Layered cocktails inspire new male birth control

Pictured: When the layers of the injection are exposed to infrared heat, the contraceptive mixes and dissolves. Source: Ahmad Syahrir (via Pexels)

By Holly Giles

We all know that part of the appeal of a cocktail is the fancy glass, the little umbrella and the coloured layers, but this week scientists in China have used this image as the inspiration for a new male birth control strategy. Currently for men there are only shortterm and long-term contraceptives in the form of condoms and vasectomy respectively. But condoms can fail, and many men are deterred from the alternative by the permanency of surgery.

Lead researcher Professor Xiaolei Wang and his colleagues at Nanchang University wanted to change this; their vision is to provide medium-term, reversible coverage for between 2 and 20 weeks. This comes after the discovery that the long-term use of female birth control pills can increase the likelihood of side effects such as blood clots and breast cancer. The unusual idea behind this new method could be the answer to current contraceptive issues.

Wang’s team performed a series of trials on rats where four consecutive layers were injected into the vas deferens, the duct through which sperm travels from the testicle to the urethra: a hydrogel to form a physical barrier to sperm; gold nanoparticles; EDTA which breaks down the hydrogel and kills sperm; and another layer of gold nanoparticles. This cocktail of chemicals blocks the vas deferens and prevents sperm being released.

Upon exposure to infrared light the layers mix and dissolve, reversing the effect. Data released from the study looks very promising, as a group of rats were allowed to mate for a couple of months after injection and none of them became pregnant. The subjects were then exposed to near-infrared light for a few minutes and allowed to mate for a further few months, when pregnancy rates returned to normal. Now the researchers are scaling up the study to other animals, while hoping to work on humans in the near future.
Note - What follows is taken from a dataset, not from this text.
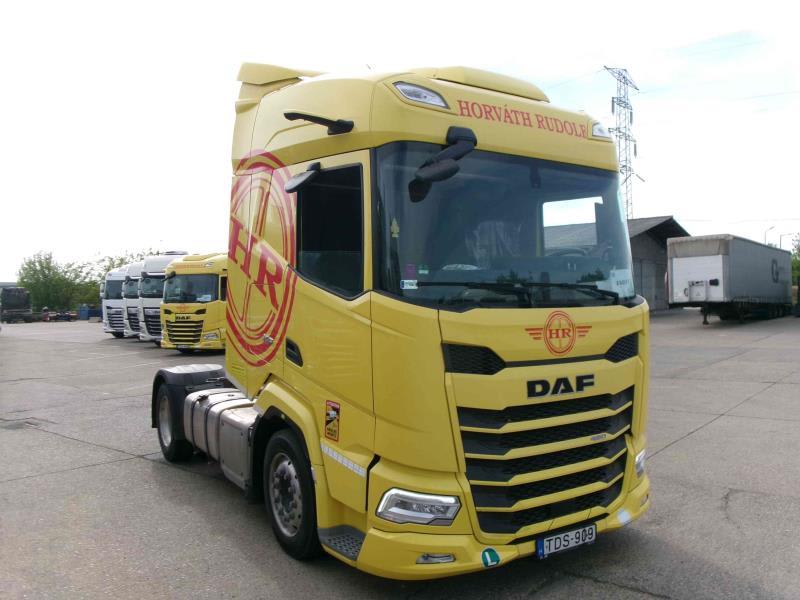 DAF XFn 480 FT 4X2 LOW DECK null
There are still some concerns about the safety of the approach. It is unknown how long the contraception would last for humans or whether the buildup of blocked sperm would cause inflammation or injury. Also, it is not well understood how the vas deferens would react to the chemicals.

Evidently studies focusing on these potential risks are needed before this kind of injection can become a widespread procedure, but it is a great example of how scientists can be inspired by the world around them. Whether it works or not, it certainly brings a new meaning to the phrase “going out for cocktails”.